Farooq Hanif - Analyst
And you don't know where that is. So currently is it 175% that you assume or 250% in your IGD ratio?
Darryl Button - CFO
We have been using 200% RBC ratio as a conversion factor. We have highlighted that and noted that when we gave our original guidance that that is a subject of debate. I could see that -- that is a topic of discussion that we're having now. So if that was a higher conversion rate, that would lead to a lower Group ratio contribution. So those are conversations that we -- that we're going through now.
Farooq Hanif - Analyst
Sorry, so would it be correct to say the bear case is they'll only look at what you can pay as a statutory dividend? And so anything below that is still minimum required capital. So that will be more like, whatever, 400%?
Darryl Button - CFO
Yes. I think if you took a very strict read on the fungibility regulations that are out there, you could restrict the capital down to simply what's fungible in terms of one year's dividend. I think that's a very strict and literal read. We don't think that's the proper application of it, but that's a possibility, in which case the conversion ratio doesn't matter.
On a different read, then it's really about the conversion ratio. And obviously the ratio would be different if we used 200% or if we used 300%, so as an example on how to convert those statutory numbers across.
Farooq Hanif - Analyst
And just very -- sorry to take so much of your time, but on the interest rate hedging, so correct me if I'm wrong, but you're -- are you hedging economically and therefore ignoring the UFR? Or are you taking into account that you had the benefit of the UFR and therefore under-hedging?
Darryl Button - CFO
We have adjusted our hedge programs over time to the UFR. So we look at the UFR as a long-term rate assumption. So there would be some exposure if the UFR was dropped. That's possible. But our hedges are economically hedged to the liability flows assuming the UFR.
Farooq Hanif - Analyst
Thank you very much. Thank you.
Operator
Farquhar Murray, Autonomous.
Farquhar Murray - Analyst
Morning, gentlemen. Just two questions, if I may. Firstly, just coming back on Solvency II, we've seen some peers becoming more definitive on their Solvency II positioning. And I'm just trying to understand why Aegon is somewhat less happy about that. And I'm just trying -- I assume it's because the aggregation and deduction method is more significant for you than for other peers. But I'm just trying to understand whether there's anything else that just seems to explain why you're taking a slightly different approach there.

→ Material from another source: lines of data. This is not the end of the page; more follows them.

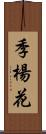季楊花 Scroll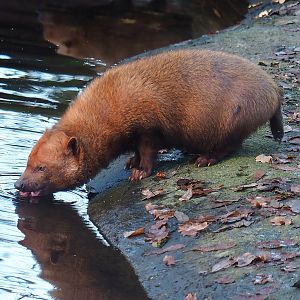 Bush dog (Speothos venaticus), 2022-12-27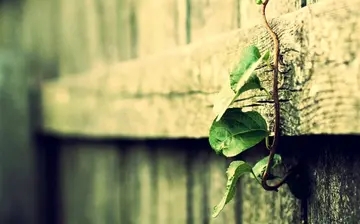 表示对朋友祝福的短句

And then just on the earnings impact from low interest rates on slide 33 of the presentation pack, can you just explain why the year-on-year guidance is essentially unchanged from the previous guidance you've given? I might have expected the drag effect to have increased given the fall in interest rates and just want to understand what's happened there. And actually just on a point of detail, are those -- is that guidance based on the year-end interest rate positioning or is it some kind of average 4Q or the full year? Thanks.
Darryl Button - CFO
Yes, Farquhar. Hi. It's Darryl. Yes, your answer's right on the Solvency II question. Given the size and dominance of the US for Aegon, obviously the deduction and aggregation and that whole calibration discussion I just had with Farooq is very material to what our end ratios are. So we're just less confident on zeroing in on a range right now for the Group because of that. And I think that's a fair distinction between our position and perhaps a couple of others here in the Netherlands.
On the earnings guidance, yes, so we basically slid the earnings guidance forward. So it's the same 10, 15, 25 that we had before, but now that's relative to a 2014 base. Before it was relative to a 2013 base.
It is maybe a little smaller than what you were expecting. Some of that is helped by the fact that when we unlocked the rate assumptions back in 2013, we really lengthened out the time at which we expect to get to the 10-year assumption in the US. So we don't grade -- we grade there only over a 10-year period, so that helps smooth down some of the sensitivities. And it is on a -- it really should be read as a year-over-year basis. So if rates stay where they are basically today, flat for the next three years, then this is a year-over-year guidance relative to the same quarter back in 2014.
Farquhar Murray - Analyst
Just as a follow-on on the Solvency II aspect then, has the range in any way particularly increased from what you indicated in June? And just directionally, where has the Solvency II ratio presumably developed since June?
Darryl Button - CFO
Yes. Again I'm not going to give an actual outcome number, but we gave a 50-point range, which is quite wide, back in June. And I still think that's a reasonable range given all the uncertainties. A lot of the uncertainties we highlighted in June are still uncertain for us. We still stand here today with not knowing what the volatility adjuster looks like. We still have to go through our approval process for matching adjustment, all the IMAP internal approvals. Those are the same caveats that we had back in June.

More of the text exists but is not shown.